%%
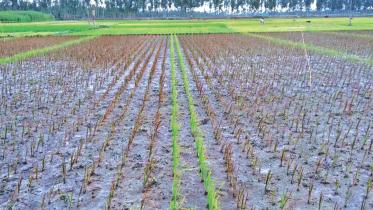 Purple paddy.jpg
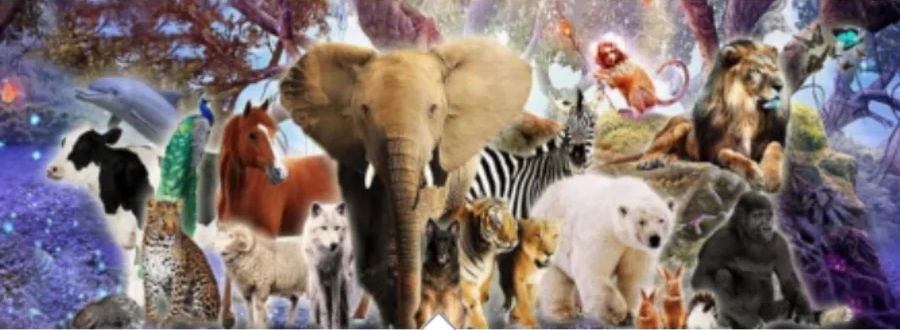Qual é o seu Animal de Poder?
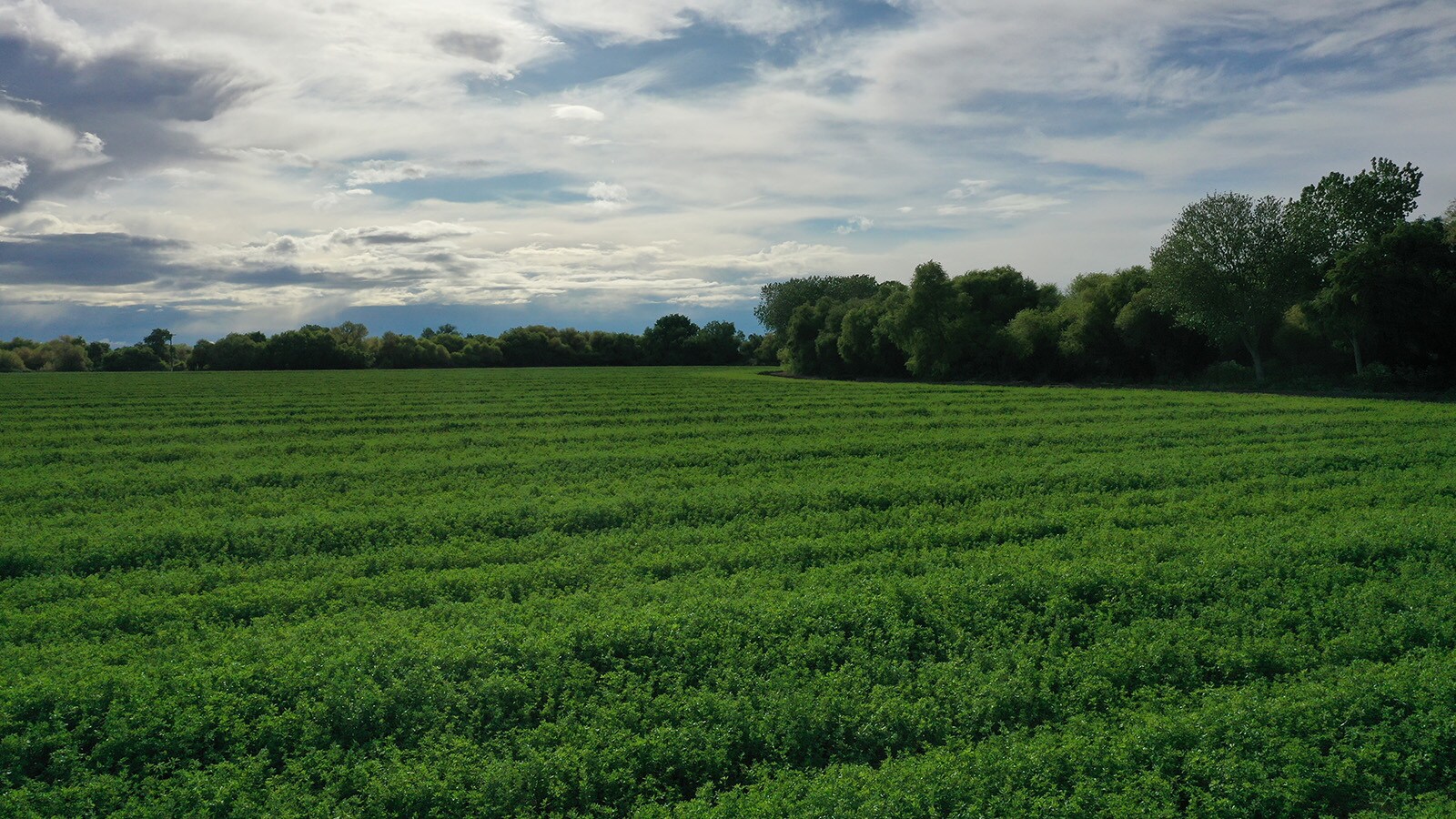 E & W sides of Hereford Rd N of Palazzo rd, Los Banos, CA à vendre Photo principale- Image 1 de 6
%%
Leaving aside the pictures, copy the listing above exactly.

### REPLY
 Purple paddy.jpg
Qual é o seu Animal de Poder?
 E & W sides of Hereford Rd N of Palazzo rd, Los Banos, CA à vendre Photo principale- Image 1 de 6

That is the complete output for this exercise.